The tightness in the CMBS market may lead to difficulty for highly levered REITS to finance growth, sparking a potential sell-off, the banker and the analysts agreed.
Commercial REITS - which include retail, industrial and office - are particularly vulnerable, the analysts said. These REITS cannot access Fannie Mae and Freddie Mac like residential REITS, they said. However, highly levered residential REITS may also be at risk to sell themselves, the first analyst added.
Likely targets are California-based, NYSE-listed Maguire Properties, an office property REIT; and Illinois-based, NYSE-listed General Growth Properties, a shopping center REIT, the analyst said. These companies will have difficultly obtaining financing because they are levered at 60% or higher, the analyst said. According to the analyst, even a residential REIT such as Ohio-based, NYSE-listed Associated Estates, an apartment REIT, could face pressure to sell itself because of the high amount of its leverage.
REITS of all types that are highly levered could have difficulty sustaining themselves and may need to strongly consider selling, the analyst said. Companies levered at 70-80% may be among sellers, depending on how much of the company’s debt is short term, the analyst added. Less levered REITS will not have a problem obtaining financing, according to the analyst. Virginia-based, NYSE-listed Avalon Bay, an apartment REIT, is an example of a less levered REIT at 20%, the analyst pointed out.
Associated is probably viewed as a target by its competitors, according to Michael Lawson, vice president of investor relations at the company.
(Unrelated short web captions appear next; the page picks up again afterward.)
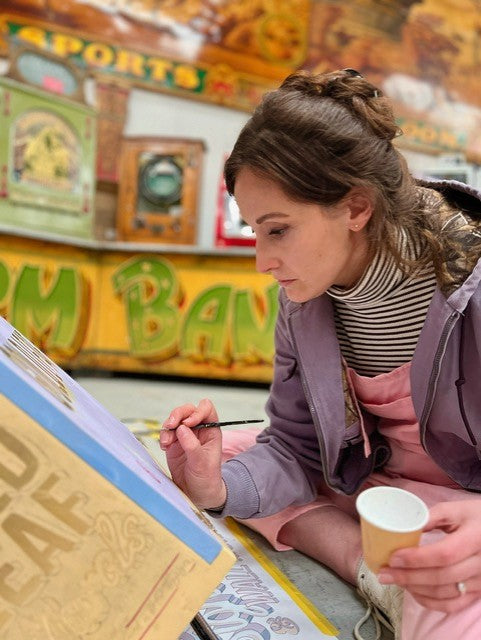 Signwriting and Gold Leaf Gilding with Carlie Allan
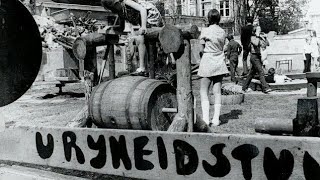 1971: De Vrijheidstuin in de Nieuwe Leliestraat in de Jordaan te Amsterdam - oude filmbeelden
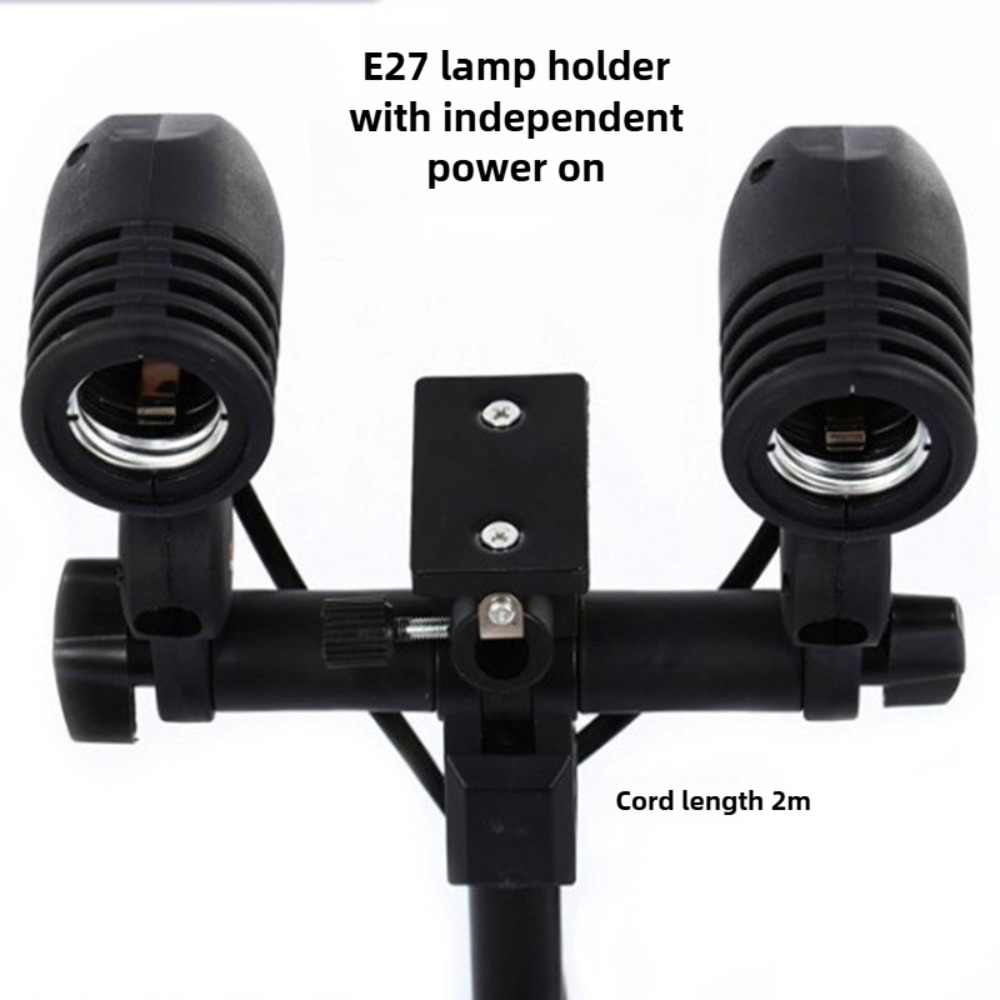 電球スタンド 2M、E27 ACソケット付き傘型ランプホルダ - Photography Lighting For Studio のレビューと価格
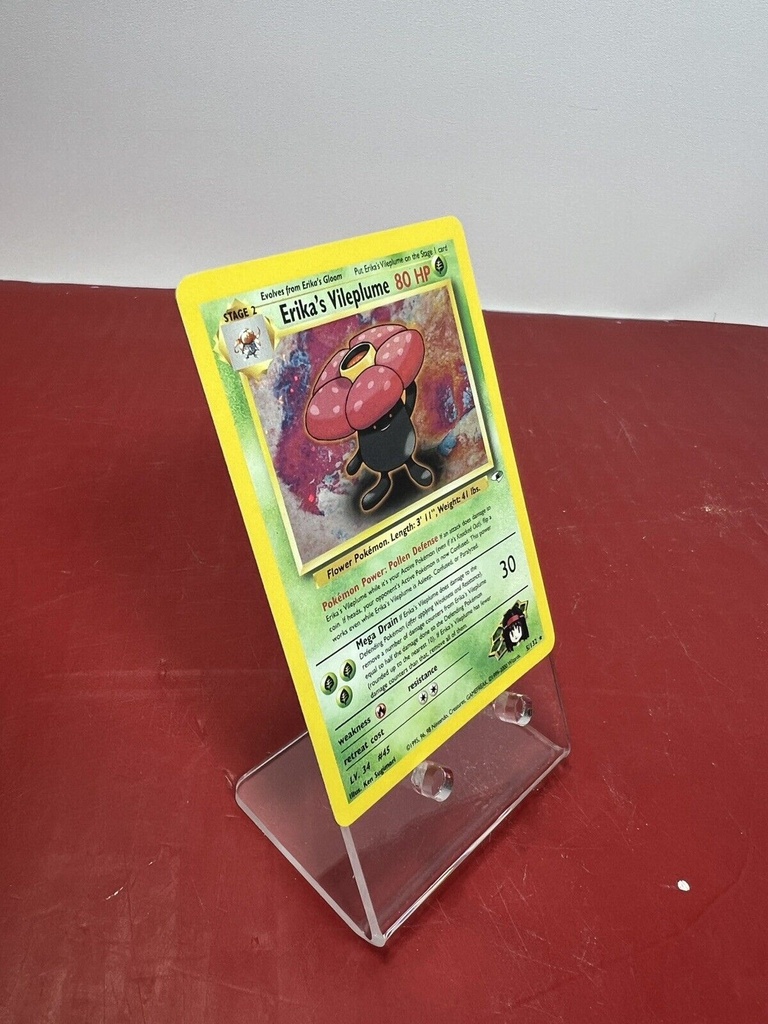 Pokemon TCG Erika’s Vileplume 5/132 Gym Heroes Holo Rare Unlimited #2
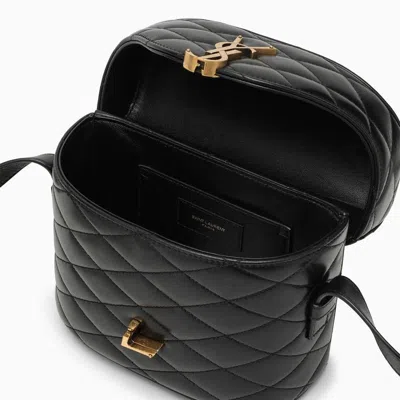 Shop Saint Laurent Quilted Black Lambskin Shoulder And Crossbody Bag For Women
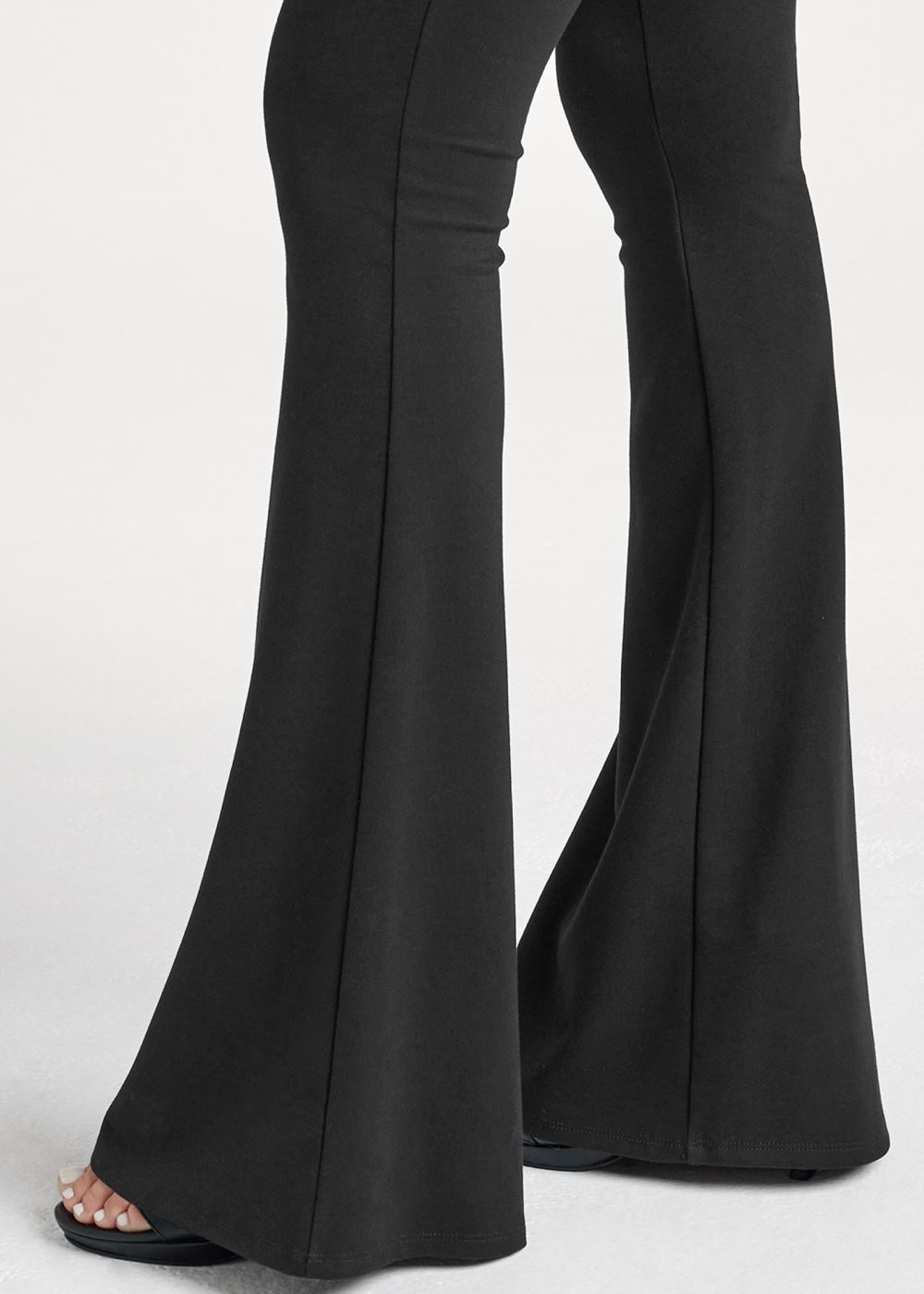 Venus Black WIDE LEG PONTE PANTS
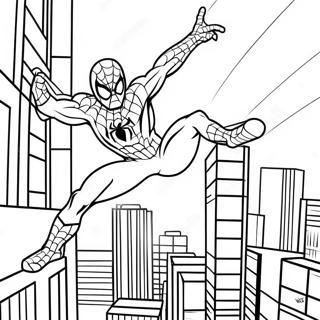 Pagina Para Colorir Do Homem Aranha Balancando Pela Cidade 60217-49967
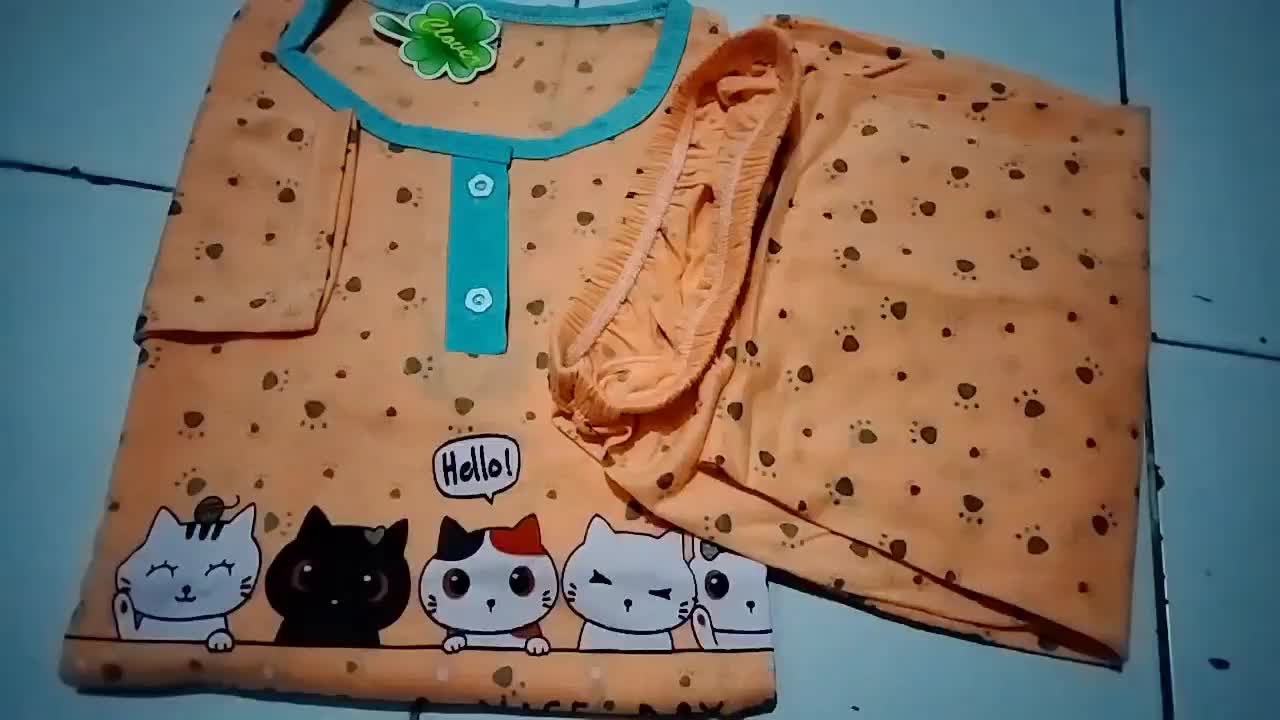 Baju Tidur Dewasa PP bahan kaos LD 100cm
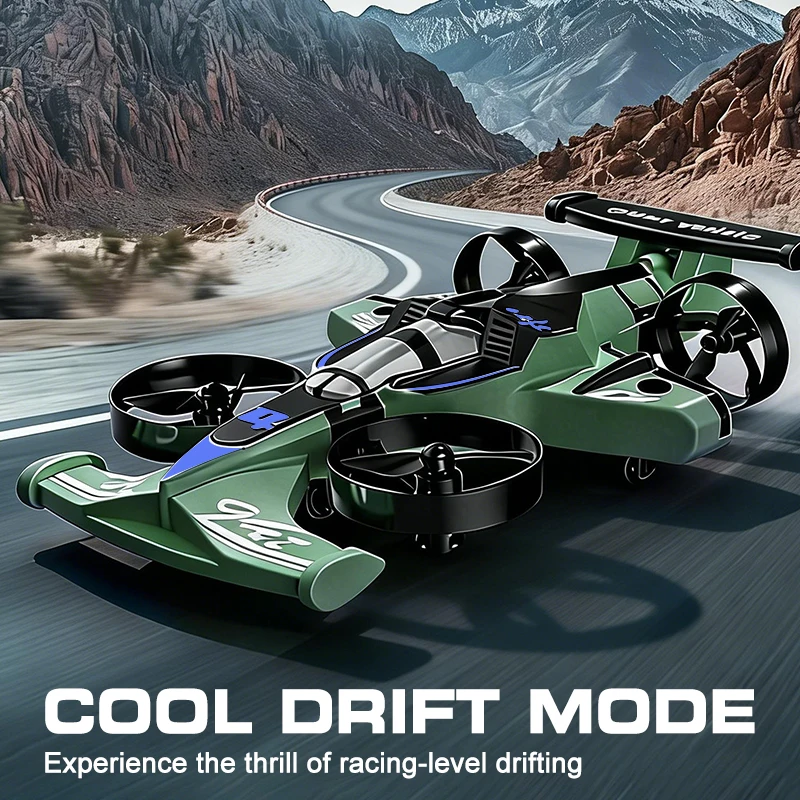 CZ04 2 in 1 RC Quadcopter Drone & RC Drift Car Land Air Dual Mode 2.4G Remote Control 360° Rotation Headless Electric Toy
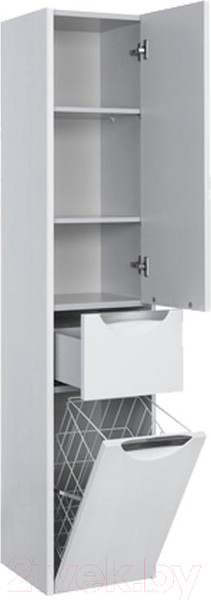 Изображение товара Шкаф-пенал для ванной Акватон Сильва 1A215603SIW7R (дуб полярный)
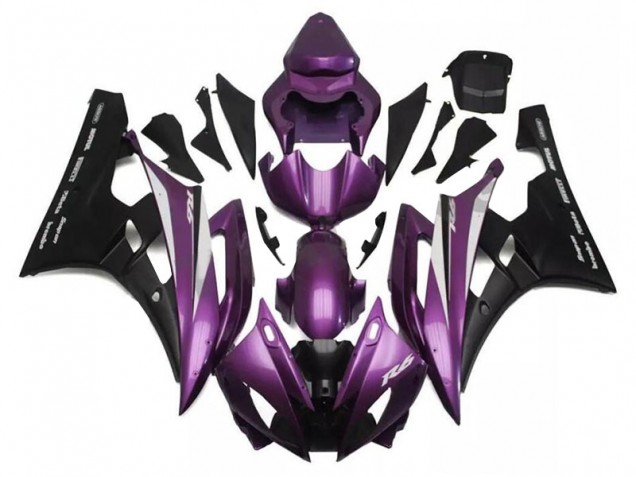 2006-2007 Purple Black Yamaha YZF R6 Motorcylce Fairings Canada 2006-2007 Purple Black Yamaha YZF R6 Motorcylce Fairings Canada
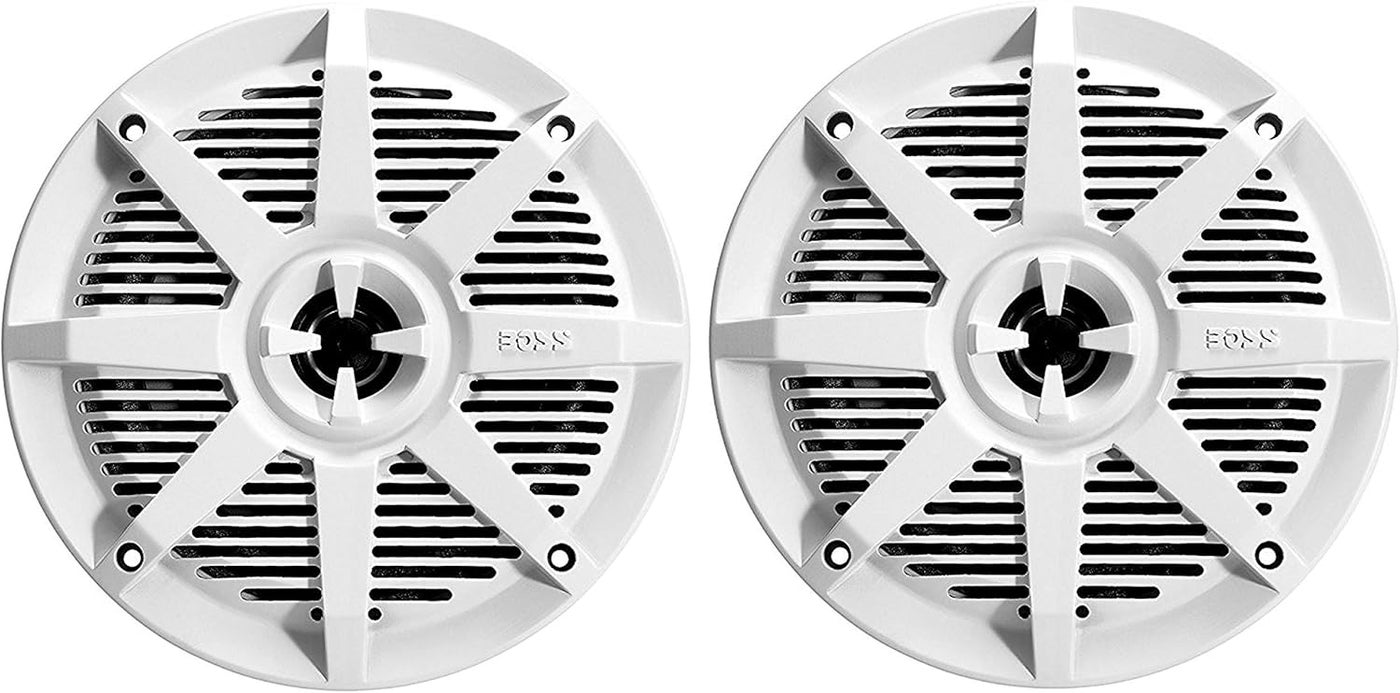 Compare BOSS Audio Systems MR52W 5.25 inch Marine Boat Stereo Speakers  150 Watts Coaxial, 2 Way, Full Range, Weatherproof, Sold in Pairs at KSA Price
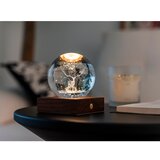 Gingko Tamno smeđa LED stolna lampa od punog oraha s mogućnosti zatamnjivanja sa staklenim sjenilom (visina 12 cm) Amber – | shoptok.hr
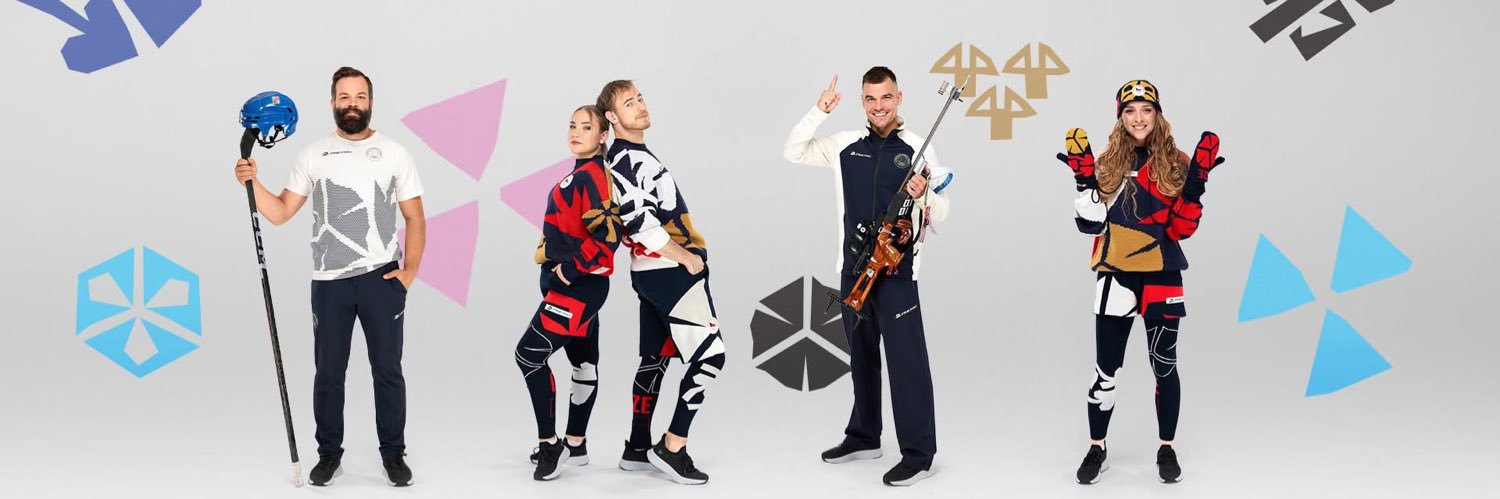 Český olympijský tým's banner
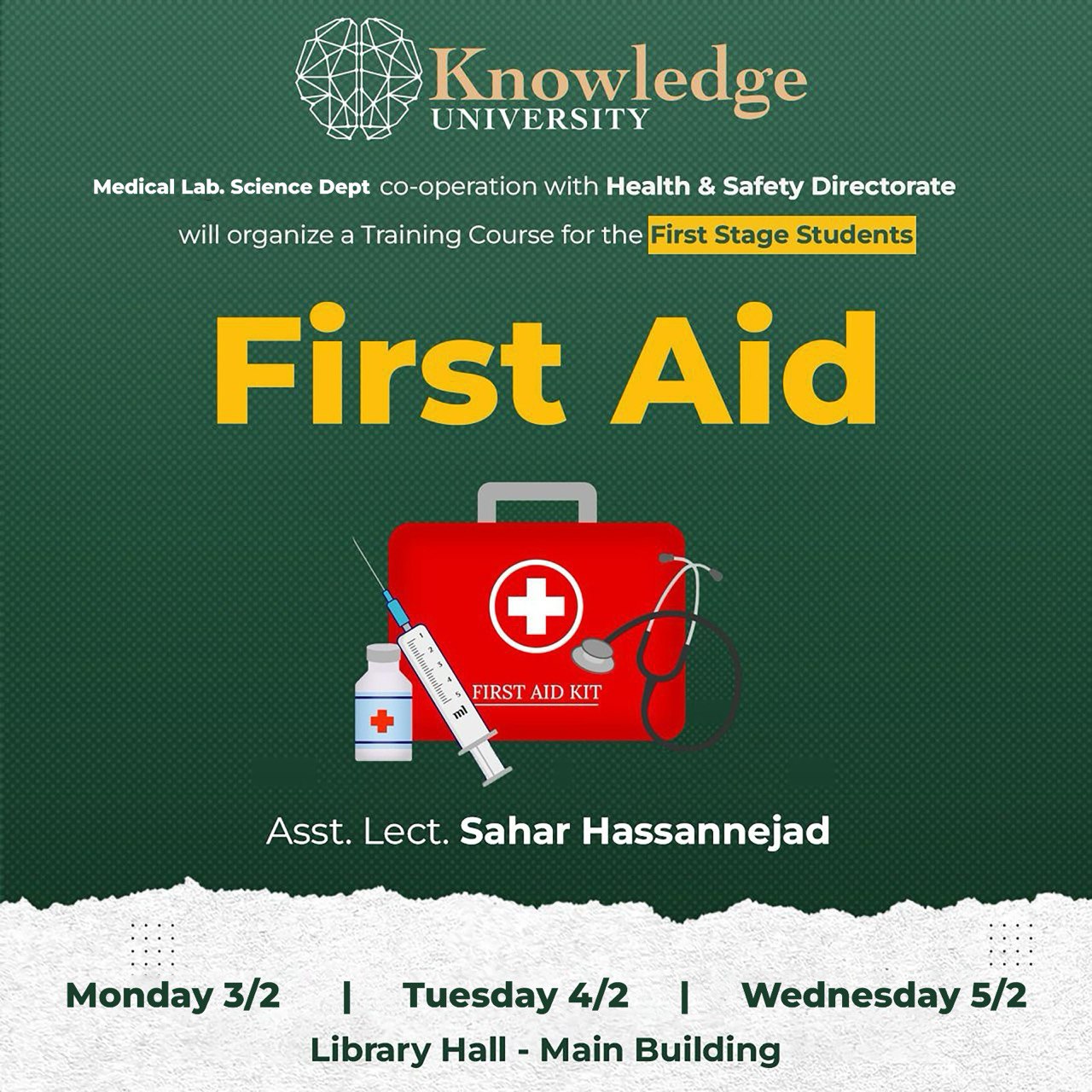 First Aid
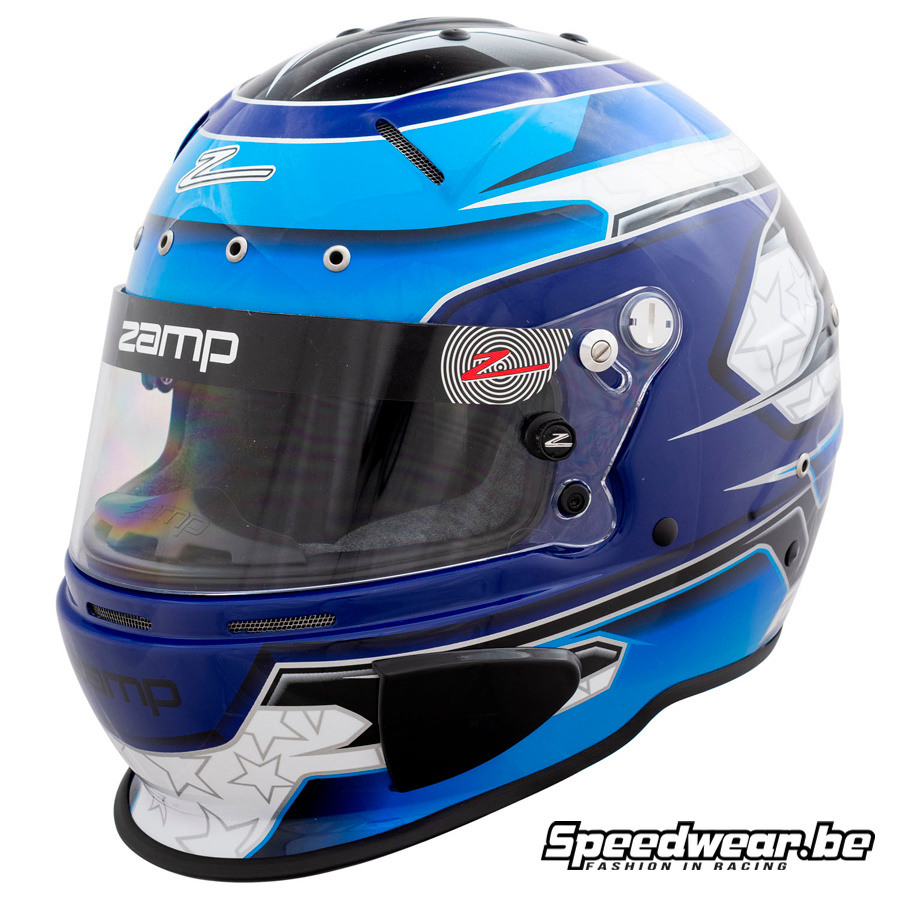 Zamp RZ 70E Switch blauwe Autosport Helm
However, he declined to say if Associated views itself as a target. “Associated is a small fish compared to its competitors,” Lawson noted. Competitors include Post Properties, Mid-American, Colonial and Home Properties, he pointed out.
Maguire is feeling effects of the CMBS market and is “reviewing strategic alternatives,” according to Peggy Moretti, senior vice president of investor relations at the company. It has engaged Morgan Stanley for financial counsel and Skadden, Arps, Slate, Meagher & Flom LLP as its legal counsel, she added.
The banker said that recently his real estate team has been fielding calls from various mid-tier REITS wondering if they were “viable in the post-credit crunch world.” REIT executives are asking where they will find equity and debt capital to stay in business, according to the banker.
The CMBS market is expected to continue to face backups, and it is largely shut down at this point, the second analyst said, declining to specify a timeframe.
If the tightened CMBS environment persists, the current set of “quiet discussions” among REITS will turn into full-fledged sellside assignments, the banker said. Several REITS are already looking around for potential marriage or joint venture partners to answer that question, the banker added.
Many companies associated with the subprime mortgage business are in Orange County, including Countrywide Financial, the banker said. Maguire is difficult to value because several tenants are involved in the subprime turmoil and may vacate, the banker added.
The increase in foreclosures and declining value of residential real estate encourage more renters, potentially benefiting Associated, Lawson said.
General Growth Properties could not be reached for comment.